Red Blaik (born February 15, 1897, Dayton, Ohio, U.S.—died May 6, 1989, Colorado Springs, Colorado) was an American college football coach whose teams compiled a 166–48–14 record during his tenures as head coach at Dartmouth College in New Hampshire and at the U.S. Military Academy in West Point, New York.
(Read Walter Camp’s 1903 Britannica essay on inventing American football.)
Blaik was a superb athlete at Miami University in Ohio and at West Point, where he became an All-American end while playing for Army (1918–19). After resigning his army commission in the cavalry (1922), he briefly entered a real estate business before returning to West Point as an assistant coach in 1927. As the head coach at Dartmouth (1934–40), Blaik led his teams to a 45–15–4 record, including a 21-game winning streak.

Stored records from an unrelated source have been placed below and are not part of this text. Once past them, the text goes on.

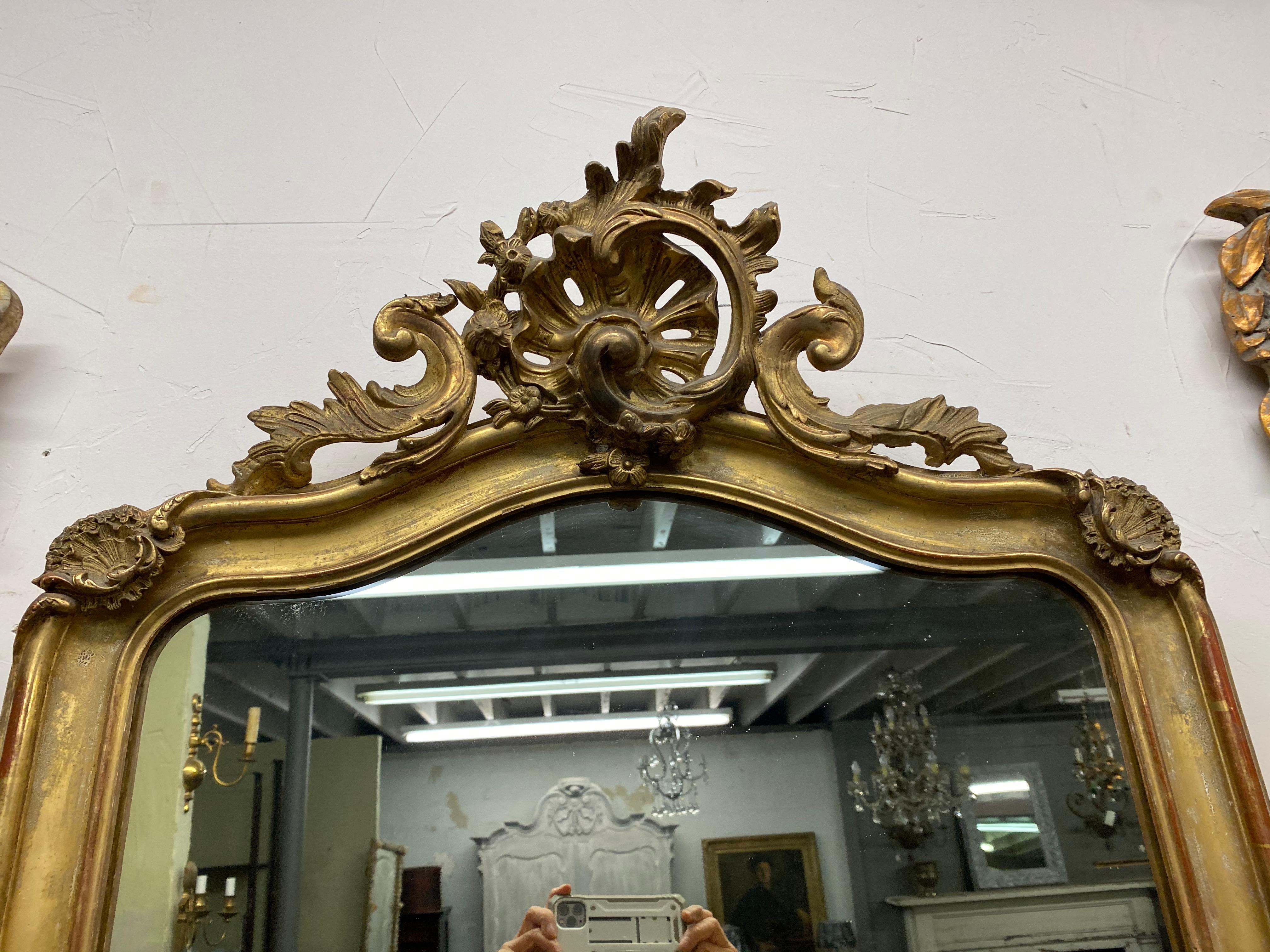 19th Century Rococo Gilt Mantel Mirror 2
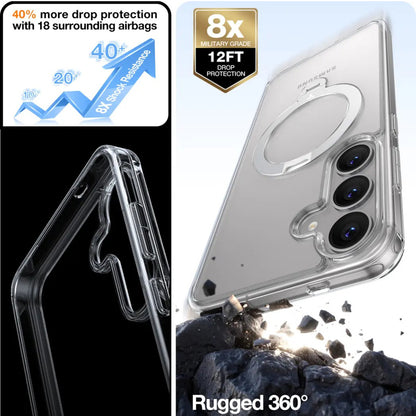 MagSafe-skal för Samsung Galaxy S25+ S936, Torras, Ostand Spin, Transparent
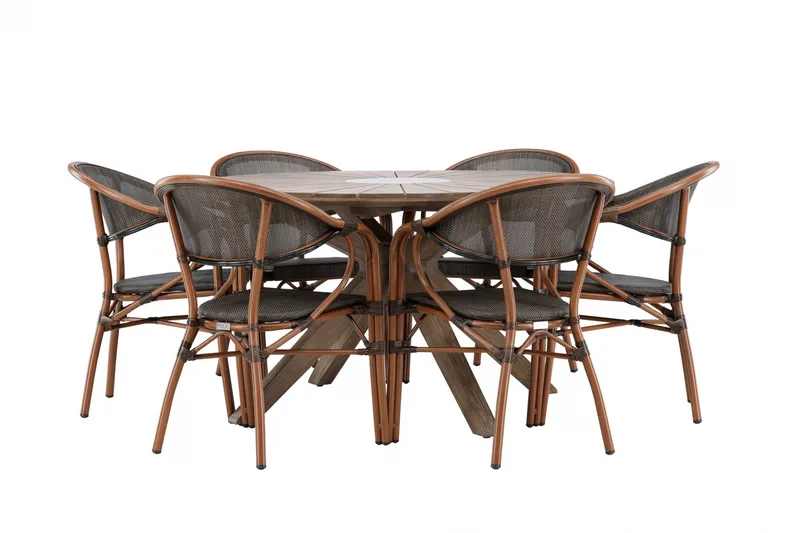 Rosario Spisegruppe Rund 140 cm + 6 stk Vila Spisestoler Svart/Brun - Hagemøbler & utemiljø - Hagegruppe - Spisegrupper hage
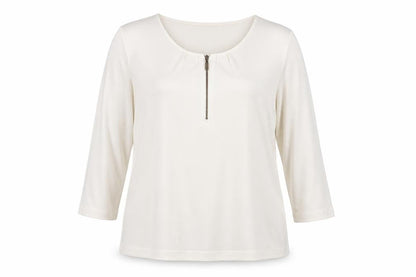 Rabe Women's Ivory 3/4 Sleeve Zip Neck Blouse Size 18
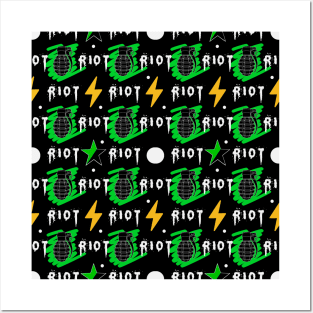 Green anarchism riot pattern Posters and Art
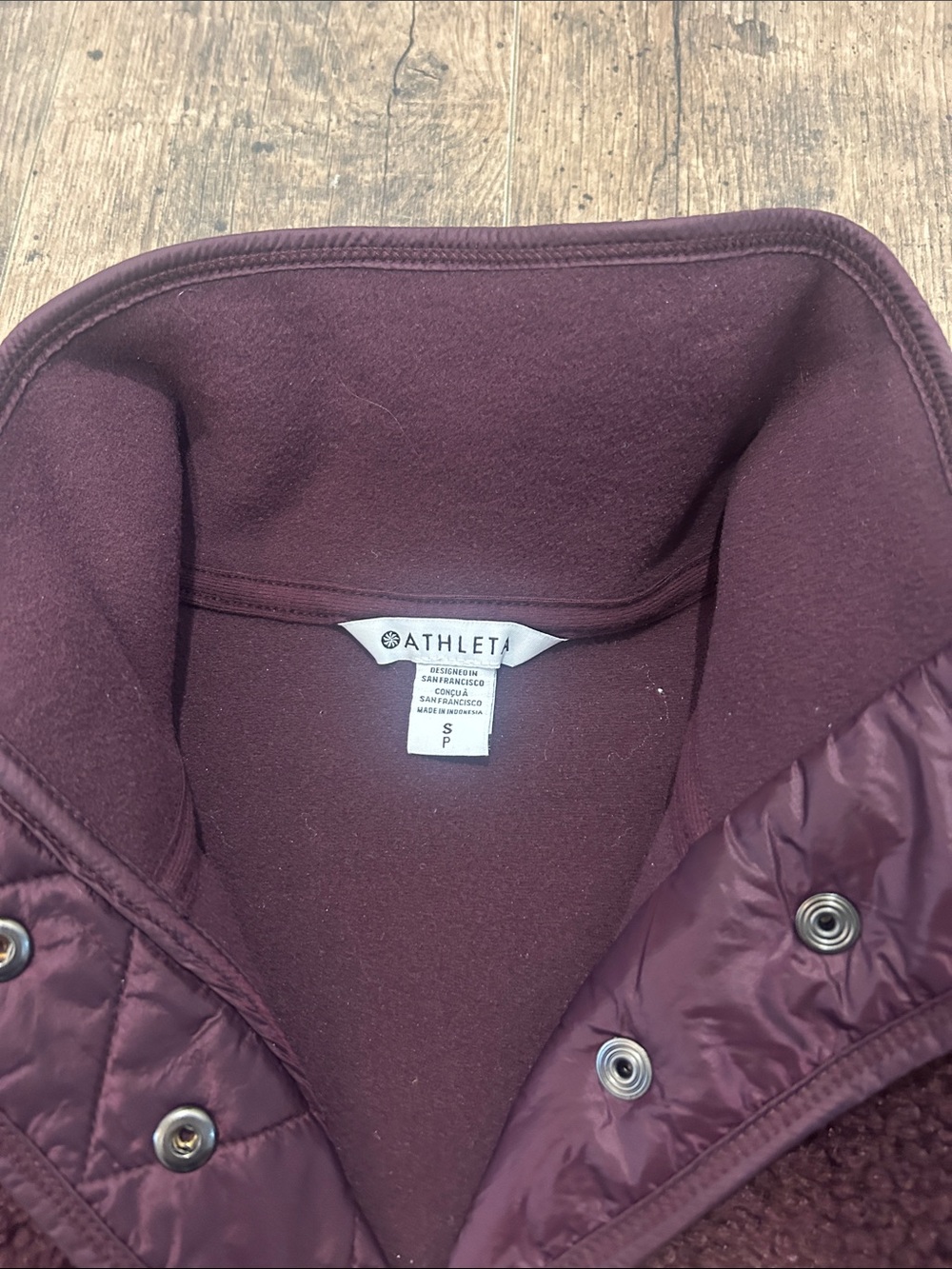Athleta Quilted-Trim Sherpa Pullover in Plum - Picture 2 of 3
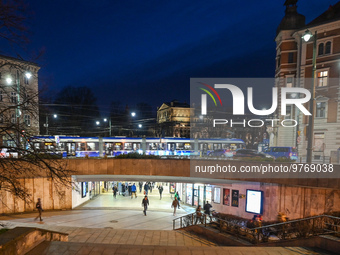 KRAKOW, POLAND - MARCH 15, 2023:
General view of the passage-through tunnel from the Old Town to Krakow Main Train Station at Jan Nowak-Jezi...
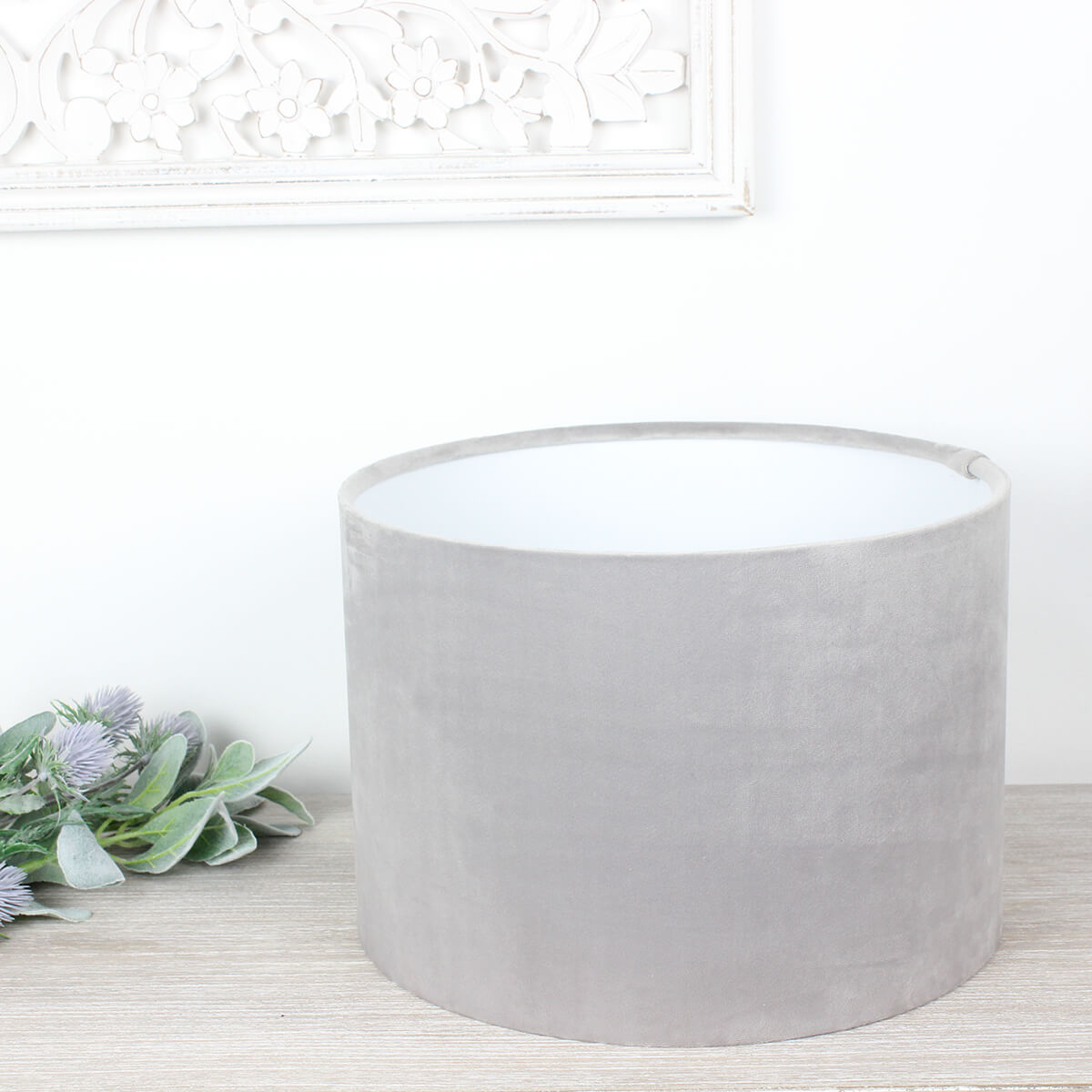 London Dove Grey Velvet Drum Lampshade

His coaching career at Army (1941–58) yielded a remarkable 121–33–10 record and two consecutive national championships (1944–45). The championship teams were two of the most dominant teams in college football history, owing in part to the manpower shortage at nonmilitary schools during the war years. Blaik, together with Fritz Crisler of Michigan, was a strong advocate for two-platoon football (in which players were assigned exclusively to either the offensive or the defensive unit) as substitution rules were fiercely debated in the years following the war. In 1951 his 45-man team was reduced to 1 player when the other members, including his son, were discovered to be cheating on tests and were dismissed from West Point for violation of the honour code.
Blaik wrote You Have to Pay the Price (1960) and The Red Blaik Story (1974). He was inducted into the College Football Hall of Fame in 1964. He was awarded the Presidential Medal of Freedom in 1986.